In this study we used the kink solutions of the nonlinear sine-Gordon equation to apply methods of mathematical modeling to investigate the dynamics of the transcription bubble in the pPF1 plasmid. Based on the calculated energy profile for the pPF1 plasmid and its modified versions, it was shown that the minimum potential energy of the kink formation or transcription bubble nucleation corresponds to the region between the genes of the Egfp and mCherry proteins. The insertion of homogeneous sequences into the region between Egfp and mCherry showed that the kink is more likely to be activated in polyT or polyC compared to polyA or polyG, which indicates the dependence of nucleation of the transcription bubble on the molecular weight of base pairs. For insertions into the region between Egfp and mCherry of small fragments of the native sequence of Escherichia coli, the model identifies the DNA strands with the highest probability of nucleation of the transcription bubble and, accordingly, determines the direction (towards the Egfp or mCherry gene) of transcription, indicating a link between the direction of transcription and the energy profile of the plasmid.
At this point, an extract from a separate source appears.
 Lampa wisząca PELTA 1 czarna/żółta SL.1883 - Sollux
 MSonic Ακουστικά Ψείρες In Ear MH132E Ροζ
在这项研究中，我们使用非线性正弦-戈登方程的扭结解来应用数学建模方法来研究 pPF1 质粒中转录气泡的动力学。基于 pPF1 质粒及其修改版本的计算能量分布，表明扭结形成或转录气泡成核的最小势能对应于 Egfp 和 mCherry 蛋白基因之间的区域。将同源序列插入 Egfp 和 mCherry 之间的区域表明，与poly A 或poly C 相比，该扭结更有可能在poly T 或poly C 中被激活。G，表示转录泡的成核对碱基对分子量的依赖性。对于将大肠杆菌天然序列的小片段插入 Egfp 和 mCherry 之间的区域，该模型识别出转录气泡成核概率最高的 DNA 链，并相应地确定方向（朝向 Egfp 或 mCherry 基因) 的转录，表明转录方向和质粒的能量分布之间存在联系。